Does the title-because of the way you separate the words, or maybe as just aesthetic - have anything to do with that? Because when I read it ‘Every WHERE is Some WHERE,’ almost seems to make it more direct and specific.

I think you’re totally on point! I really wanted to focus on the word: ‘where’, in my mind there are two elements to that title, and its actually something I had written down on a post-it on my computer maybe eight months ago. I was on the road, maybe Germany, and I write down little ideas, phrases, words, and such, and I’m on tour thinking, ‘You know, it’s crazy!' On one hand, you can go all over the world, and every bar is just some bar. You could be in New York city and feel like you’re in the center of the world, or in the outskirts of Omaha feeling like you’re somewhere new. Every place is just some place, people are doing the same thing, wanting to find love and find happiness, go out and party a little bit. Everywhere you go people are just people and there is something really kind of comforting and beautiful about that.

On the flip side – a sensation I have constantly - when I’m on tour I’ll be out at let’s say an intersection. For me it’s just another intersection, but for somebody else that intersection has meaning, something happened there, I guess that would be the italicized sum for everybody. A place is THE place or it’s one of the places, so it felt like it captured that sense of things being important but also arbitrary, but also kind of malleable.

On the business side, you started on a major label for the most part, then you headed to an indie label, and now you find yourself in a sort of compromised version of that, is that right?

Yeah, I would say a more idealized version, at least for me. I got found really early in my career and I would still, and still am, figuring out my identity, not only as a person, but a musician and artist, and I think I learned from that experience a lot of the things I didn’t like about this big, corporate infrastructure. It didn’t suit me as a developing artist. It wasn’t quite the right home for that. When I went independent and started my own label and put out my last record, then I found the flip side of seeing ‘oh, these are some things I could really use help with’. You are out there on your own. It really is blood, sweat, and tears when you’re running everything. I started to really have an appreciation for these parts of a bigger home or structure to have to help with.

It is a lot of work and can be confusing to navigate sometimes. That being said, I was still planning to put out my new material independently, but it just so happened that Dan (Imagine Dragons) heard the demo I had been working on. He had been wanting to bring an artist into the Interscope fold under an imprint. It offered me this really unique opportunity where I had created protection, because Dan was sort of my buffer. Essentially he said, ‘I’m a fan of what you do.”

His goal wasn’t a financial goal, it wasn’t an ego goal, it was to help an artist that he believed in. I got to experience the creativity and autonomy that comes with being independent but having the recourses of a major label, which from the standpoint of radio especially, that is such a difficult world to break into if you’re an independent artist.

What you’ve accomplished while you were an indie with the Life of a Dog album and being able to bring that to the table with all of this, that probably puts you so far ahead of where most artists would be at this point in their career, to have those utilities at your arsenal.

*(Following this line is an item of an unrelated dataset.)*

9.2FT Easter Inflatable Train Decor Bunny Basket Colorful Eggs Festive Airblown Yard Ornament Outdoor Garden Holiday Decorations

You look back on and can piece it together in reverse, but I do think you’re right. Putting out a record in that way taught me so much. It gave this real appreciation for help. I think artists can get into a situation where they view their label partner as an adversary at times, and that can happen with any business relationship, of course, but I think I really entered this partnership very clear-eyed and realistic, as well as excited. I felt like my set expectations was pretty in tune with what was gonna happen, where the first time around I had no idea.